== Material supplied ==
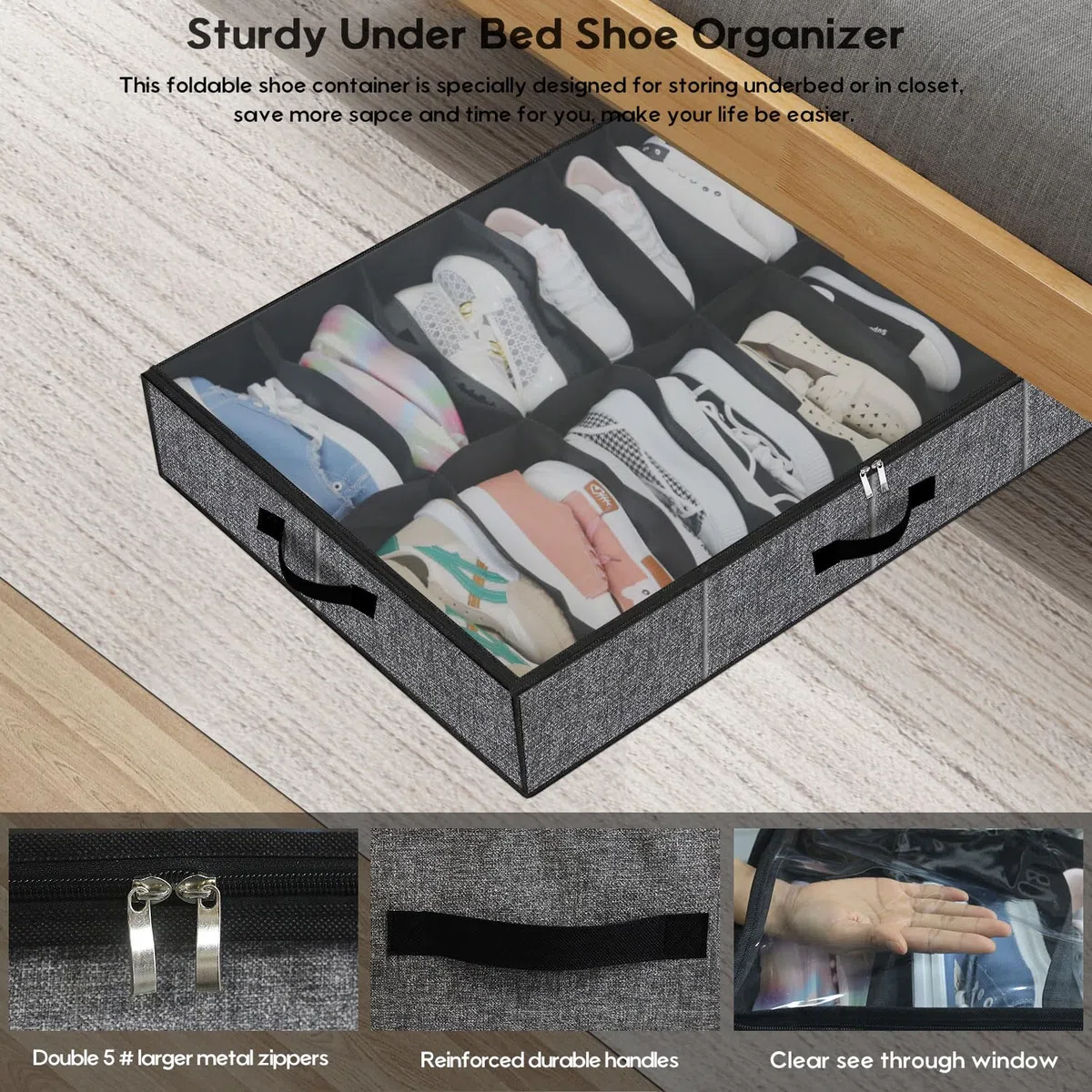 Onlyeasy MXBUBS16P2 - Organizador resistente, almacenamiento zapatos, bajo la cama, asas y ventana transparente, 16-32 pares, plegable, alta calidad, armario, 96 x 60 x 15 cm, negro, similar algodón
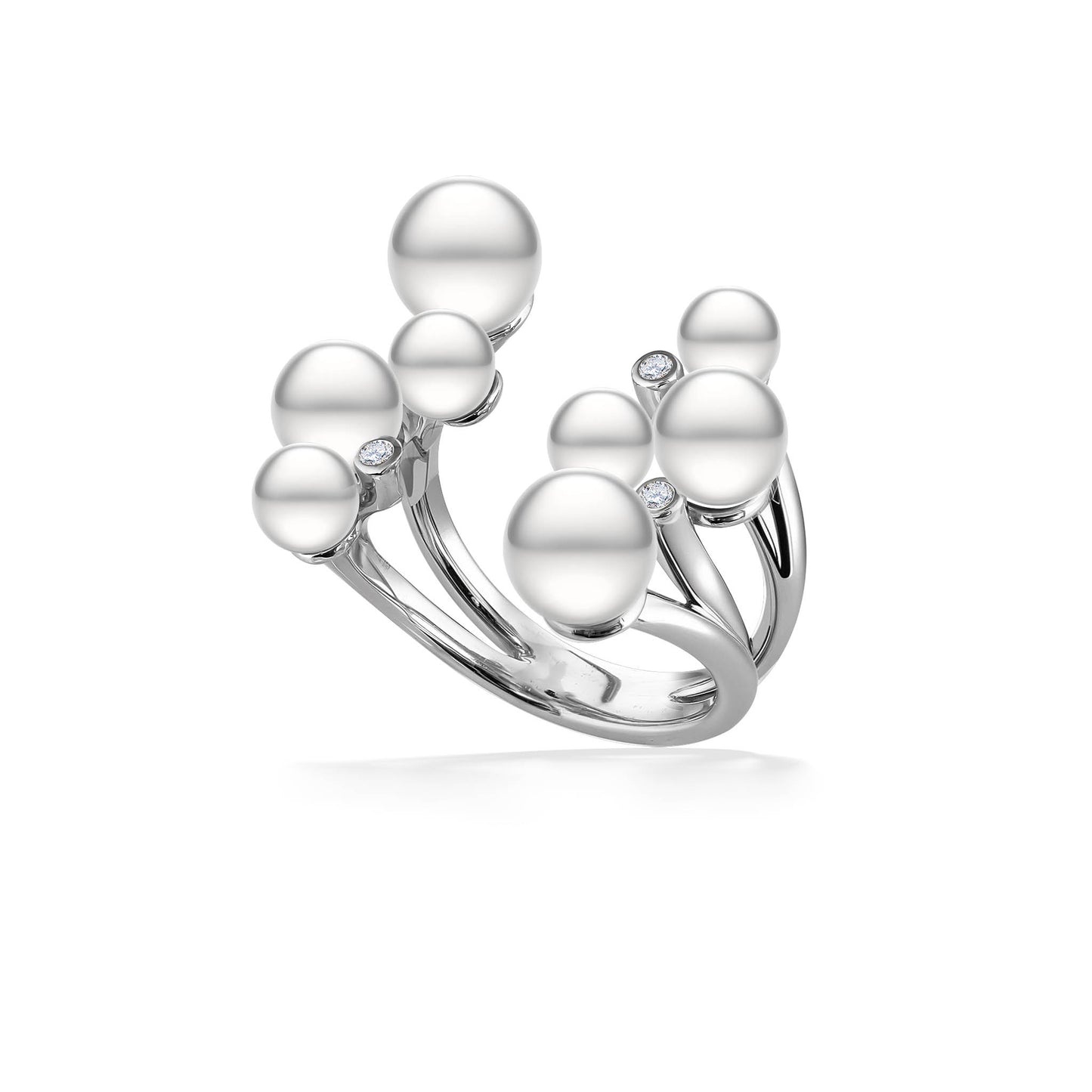 44512 - Sterling Silver - White Freshwater Pearl Open Ring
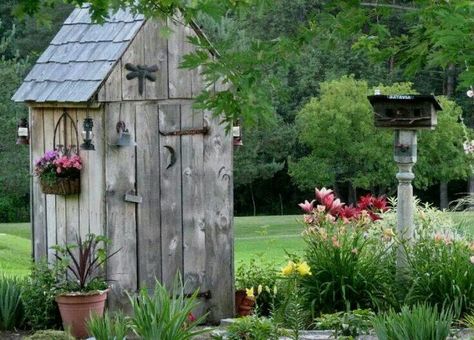 Outhouse Rustic Shed, Out Houses, Tool Shed, Garden Tool Shed, Garden Tool Storage, Backyard Sheds, Backyard Shed, Diy Shed, Garden Tool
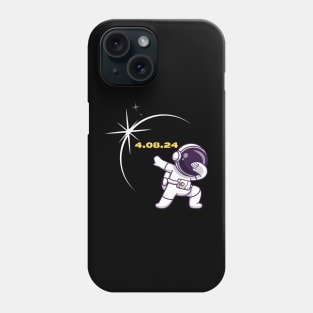 Total Solar Eclipse 2024 Funny Dabbing Astronaut Phone Case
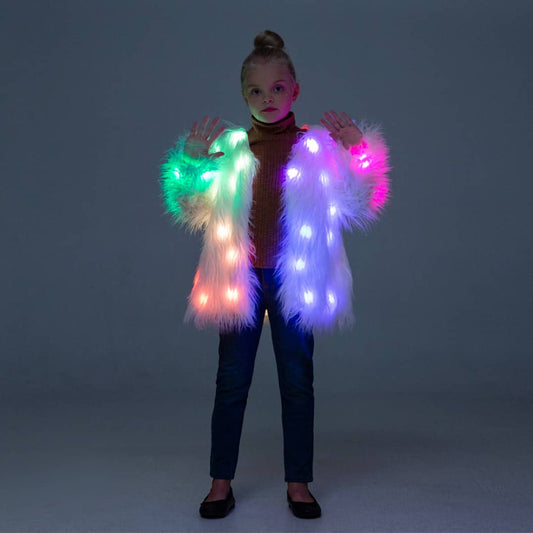 Kids faux fur White Glow Jacket, featuring cutting - edge Smart LED Lights - Glo Getterz - glowing_jackey - faux_fur_coat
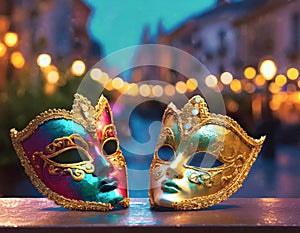 Venetian carnival masks on the street in Venice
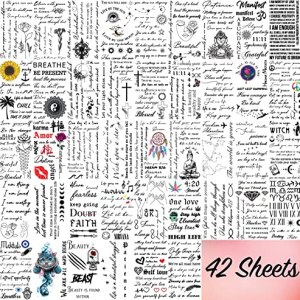 Realistic Self Care Temporary Tattoos - 42 Custom Sheets Tiny Finger Wrist Fake Tattoo - Inspirational Affirmation Words and Motivational Quote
===
Your instructions:
Output nothing except the lines from the one containing "Total Solar Eclipse" through the final line of the entries, repeated exactly and free of pictures.

Output:
 Total Solar Eclipse 2024 Funny Dabbing Astronaut Phone Case
 Kids faux fur White Glow Jacket, featuring cutting - edge Smart LED Lights - Glo Getterz - glowing_jackey - faux_fur_coat
 Venetian carnival masks on the street in Venice
 Realistic Self Care Temporary Tattoos - 42 Custom Sheets Tiny Finger Wrist Fake Tattoo - Inspirational Affirmation Words and Motivational Quote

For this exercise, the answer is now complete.